## TASK DETAILS
Return an exact copy of the data, starting at its first line and ending at the line that contains "ZIUMIER LED USB", minus any pictures.

## COLLECTED MATERIAL
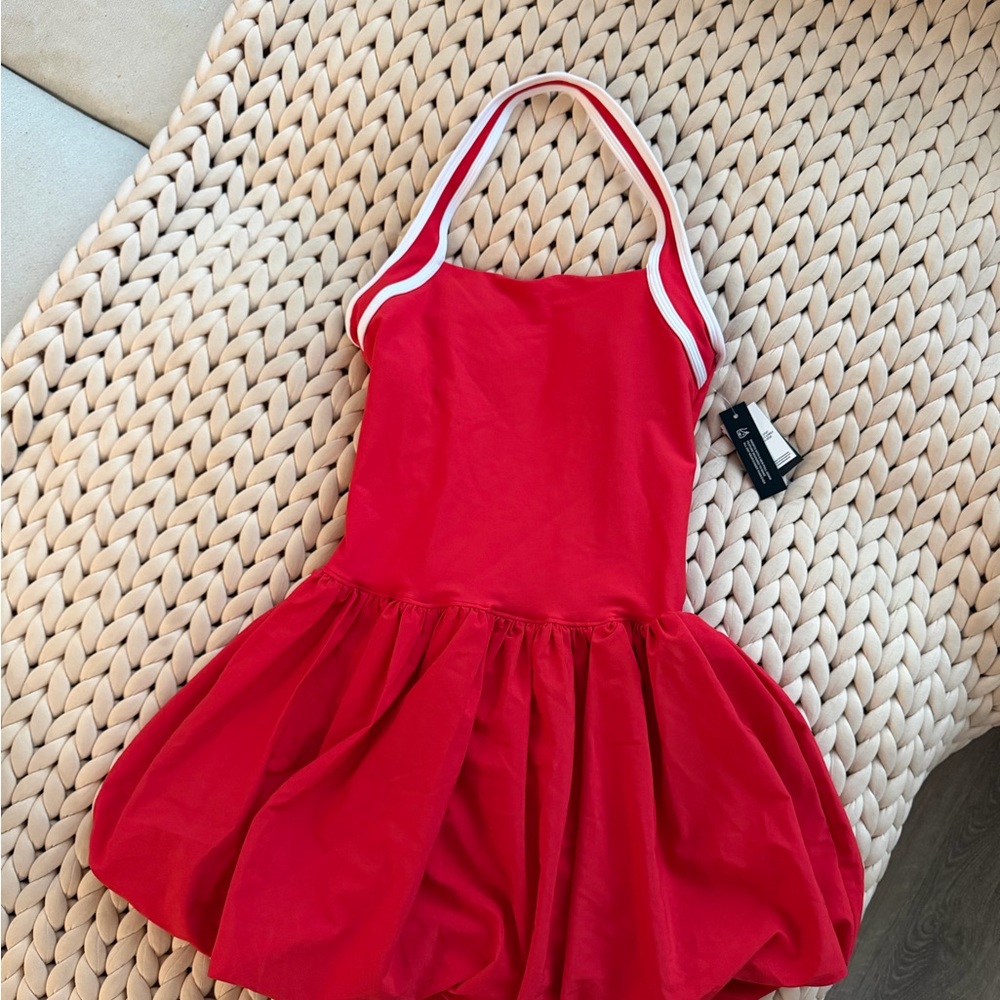 Abercrombie & Fitch Red Halter Dress with White Trim - Picture 3 of 3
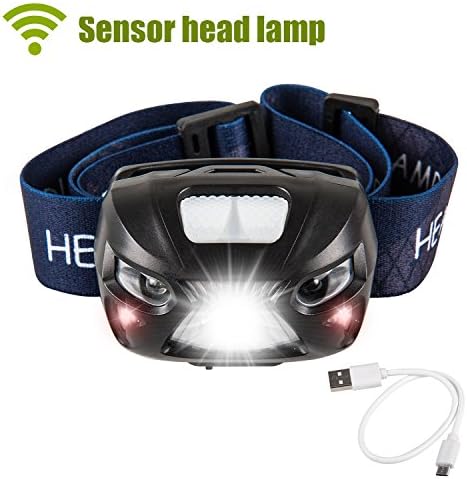 ZIUMIER LED USB Rechargeable Headlamp Flashlight - 2.57oz, 6 Modes,Motion Sensor,Cree Bright White Headlight + Red Light,Waterproof,Lightweight,for Running,Camping,Reading,Kids (Black)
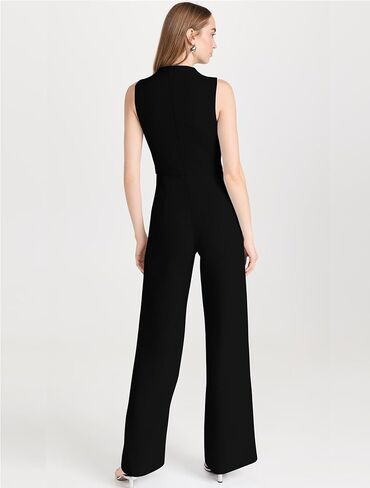 DAAWENXI Women's Casual Sleeveless Jumpsuits Dressy Mock Neck Wide Leg Pants Rompers One Piece Jumpers in Saudi Arabia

## TASK SOLUTION
 Abercrombie & Fitch Red Halter Dress with White Trim - Picture 3 of 3
 ZIUMIER LED USB Rechargeable Headlamp Flashlight - 2.57oz, 6 Modes,Motion Sensor,Cree Bright White Headlight + Red Light,Waterproof,Lightweight,for Running,Camping,Reading,Kids (Black)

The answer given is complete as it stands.